Verdict first, then fix the evidence

The Verdict: Did Labour change Britain?

By Polly Toynbee and David Walker, Granta, 2010, £18-99

Reviewed by Sean Figg

THIS BOOK is not a serious analysis of the 1997-2010 Labour government. Polly Toynbee and David Walker do not attempt an over-arching characterisation of the thirteen years of Labour rule, by examining in whose interests it ultimately governed. Instead, the account is selective, fragmentary and biased.

Statistics are splashed around as evidence for either achievement or failure. But the authors treat their evidence in an isolated way without considering how the outcome – good or bad from their point of view – was arrived at. However, this is crucial in reaching any ‘verdict’ on the Blair/Brown years. Because what is not said is often more important than what they do say.

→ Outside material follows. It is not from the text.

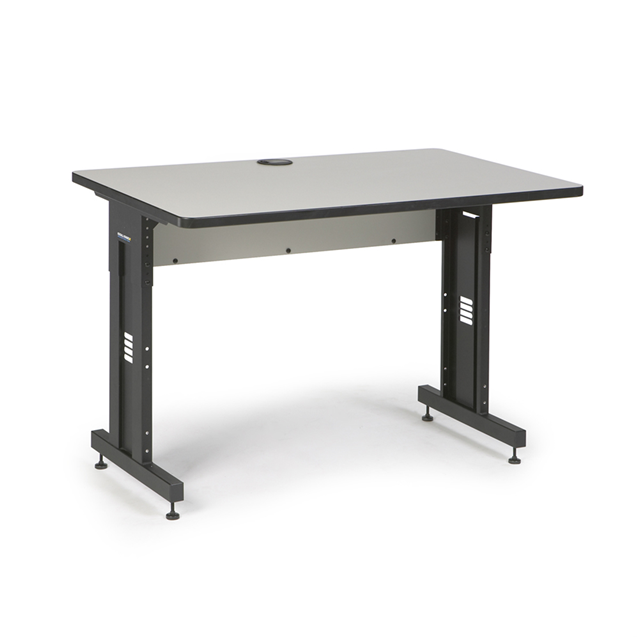 Modular ESD Desks, Workstations>5500-3-000-34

The hallmark of this book is ‘the lie of omission’, a dishonest and duplicitous method for any writer.

Toynbee and Walker consider education Labour’s greatest achievement. Figures are provided of increased spending and improved exam results. But the way they deal with Labour’s academy programme is woefully inadequate. Academies allowed schools to opt out of Local Education Authority (LEA) control and come under the management of ‘philanthropists’, frequently businessmen. This ‘reform’ marked out the route for the marketisation and privatisation of education. The Con-Dem coalition is using the framework bequeathed it by Labour to try and take every school out of LEA control, effectively ending comprehensive education. Yet Toynbee and Walker do not discuss this point, which gets to the heart of the character of the Labour government. The only comment they can muster is the assertion that "behind the academies was a fierce desire to raise ambitions in the poorest urban areas", and that they were only "intended to be an extra" to comprehensive education.

In the same way they gloss over the introduction of university tuition fees, a hugely controversial policy. They dishonestly claim that "whichever party had won in 1997, it would have faced the tide of demand for higher education on limited funds. The new government had to choose between further degradation in the amount of support, apportioning more of the education budget to universities, or new income from fees". This is simply not true. Labour chose to pass part of the cost of higher education onto students, graduates and their families. Ultimately, Labour opened the breach in free higher education that the Con-Dems used in November 2010 to triple tuition fees.

This method is used throughout the book. Leaving the Tories’ anti-trade union legislation fully intact is not mentioned. Worse, in one of only two mentions of the trade unions, the authors commend Labour for rescinding the ban on union membership at the GCHQ intelligence services centre. The only possible purpose of omitting the former and including the latter is to create the impression of a union-friendly government. Nothing was further from the truth.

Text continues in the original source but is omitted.